Le Huffpost non plus ne trouve pas cela correct et titre en rubrique Politique : Sur BFMTV, Zemmour s'en prend à une journaliste qui le contredit :Confronté par la “cellule fact-checking” de BFMTV sur la fraude sociale qu’il chiffrait à 50 milliards d’euros par an, Zemmour a sèchement répondu comme vous pouvez le voir ci-dessous.(...) “Votre chiffre est tellement ridicule, que le ridicule est pour vous. (...) Vous vous êtes couverte de ridicule pendant cette soirée". Jean-Luc Mélenchon que les médias aiment habituellement bien faire passer pour un sanguin incontrôlable a de son côté pris la parole très calmement pour tenter d'éduquer Eric Zemmour “Attendez, faut pas parler comme ça”. 

Affilié au groupe Midi Libre-La Dépêche, L’indépendant, qui porte bien son nom, montre assez de respect pour les journalistes pour pointert et titrer sur Débat Zemmour-Mélenchon : contredit en direct, Zemmour s'en prend à une journaliste et la traite de "ridicule" . "Chère Madame, votre chiffre est tellement ridicule, que je pense que le ridicule est pour vous. Et que vous devriez lire l'excellent livre de Charles Prats et vous verrez ce qu'il en est exactement et vous comprendrez à quel point vous vous êtes couvert de ridicule là pendant cette soirée"

Alors que la journaliste demandant un droit de réponse lui proposait de citer les modes de calculs de ce chiffre exorbitant, il a continué par  "C'est très simple, il suffit de lire son livre. Vous verrez les détails". 

Pourquoi cette indifférence des grands médias ?  

Comment un politologue peut-il dire dans une chronique sur FranceInfo que ce fut un "Match nul sur la forme donc". L'objet de la politique n'est-il plus d'instaurer des rapports harmonieux dans la cité ? Le choix de l'angle doit-il éjecter les personnes en présence ? 

Faut-il voir dans ce statu quo une forme d'auto-destruction des journalistes par leur mépris pour certains d'entre eux qu'ils ne considèrent pas comme des leurs étant donné leur appartenance à une chaine d'infos en continue généralement dépréciée en tant qu'objet médiatique ?

La plupart des autres titres se contentent de chercher un gagnant et de renvoyer dos à dos les deux personnages sans vraiment s'engager ni dans la dénonciation ni dans l'approbation, se contentant de discréditer ou accréditer quelques unes de leurs citations et se rangeant plus ou moins explicitement aux côtés de l'un ou l'autre. 

Dans Marianne on n'hésite pas à écrire que "la soirée n'a pas été avare en enseignements, épisodiquement interrompus par quelques inutiles séquences de fact-checking." Inutile non plus de compter sur Marianne pour tenter de comprendre ce que Mélenchon veut dire par créolisation :  En revanche, si les projets de Zemmour sont éminemment critiquables, ils sont plus clairs que les démonstrations de l'Insoumis sur la « créolisation », concept introduit pour la campagne présidentielle dont on peine toujours à cerner les implication.
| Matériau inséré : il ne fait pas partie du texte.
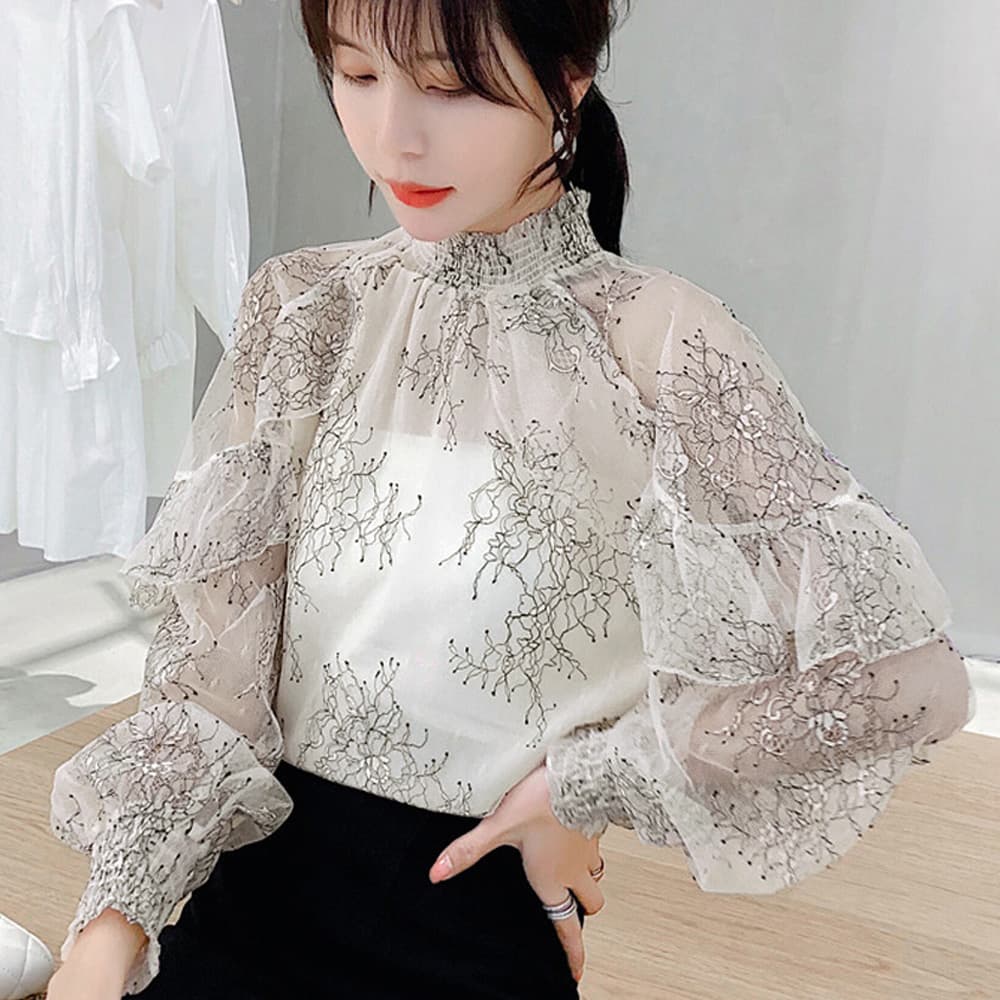 レース 服 花柄刺繍レースブラウス長袖シアートップス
Quant à la conclusion elle est clairement partisane : Outre son image dégradée, Jean-Luc Mélenchon traîne également deux boulets à ses pieds : son opposition bornée au nucléaire, ainsi que la défense d'une « créolisation » nébuleuse et présentée comme inéluctable.
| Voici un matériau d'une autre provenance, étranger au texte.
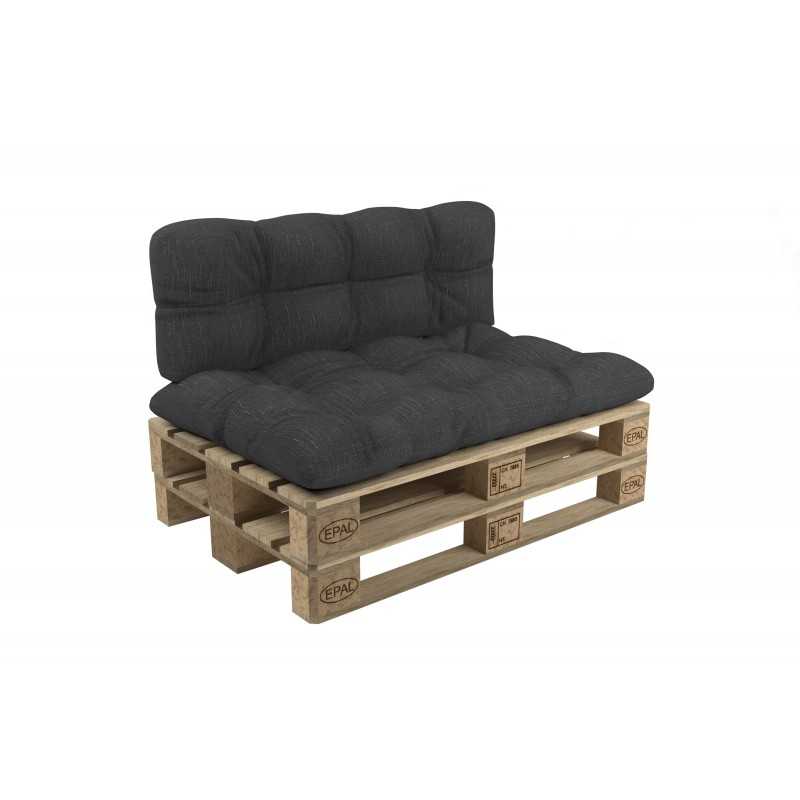 Set de 2 Coussins Matelassés pour Palettes, Assise 120x60 cm + Dossier 120x60 cm, Anthracite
Mieux vaut, pour comprendre ce concept de créolisation, lire Le Monde qui présente clairement et honnêtement les deux protagonistes comme le candidat de La France insoumise et le polémiste d’extrême droite. : M. Mélenchon a vanté « la créolisation de la France ». Pour lui, « nous sommes le pays qui pratique depuis le plus longtemps une forme de créolisation assumée, c’est-à-dire la création d’une culture commune de gens qui se trouvent au même endroit »
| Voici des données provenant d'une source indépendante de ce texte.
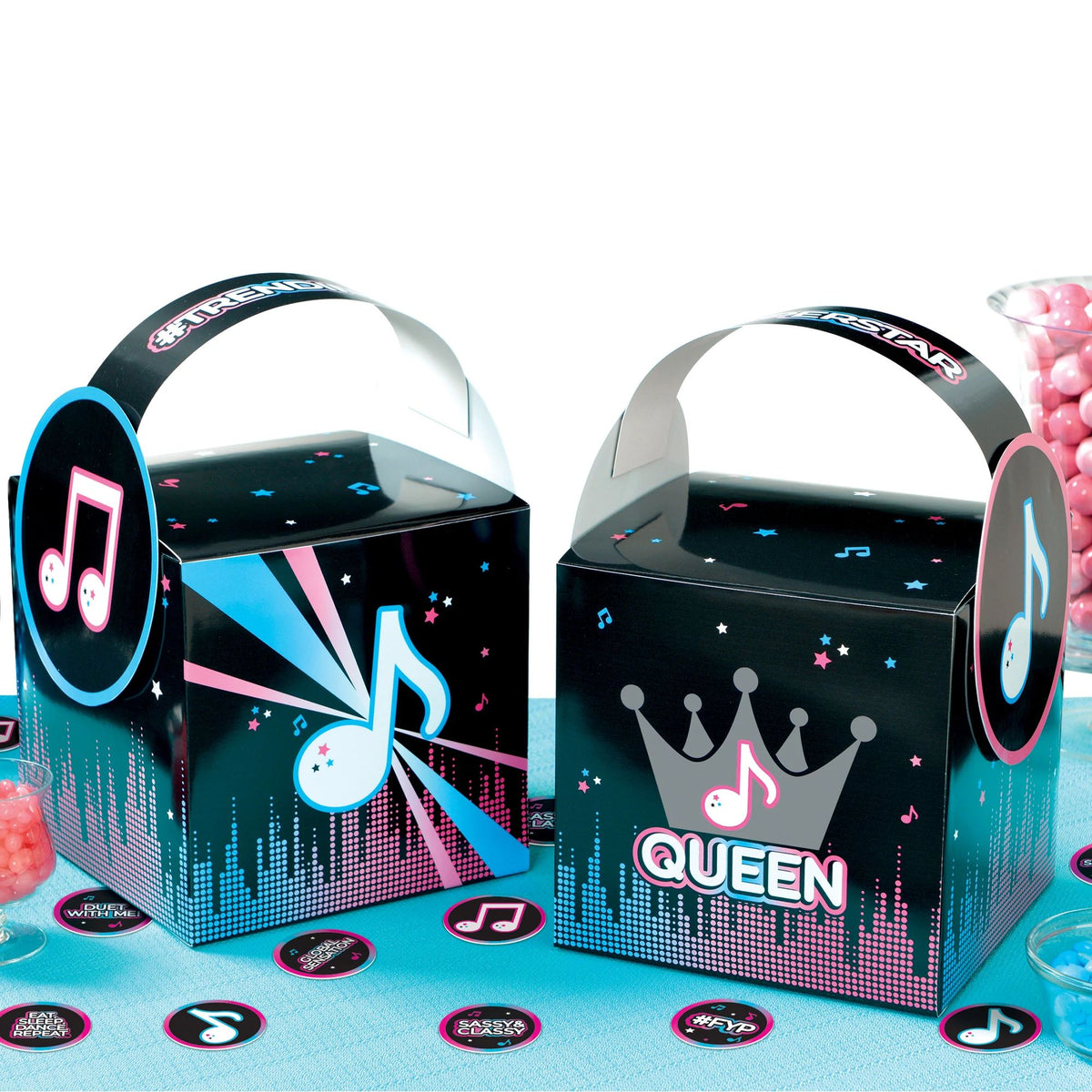 Internet Famous Queen Table Decorating Kit, Blue/Pink, 12-inch, 4-pk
Si ce débat était sans grande surprise, son traitement médiatique nous donne une idée de ce qui pourrait nous attendre dans les mois à venir : une indifférence quasi-totale au respect des personnes, une tolérance 10 000 à la vision cauchemardesque de la France que marteau-pilonne une caricature de journaliste égocentré, la tête branlante, en boucle sur ses obsessions, agressif par ses incapacités à modifier sa vision du réel, et à qui l'on ne barre la route que très mollement.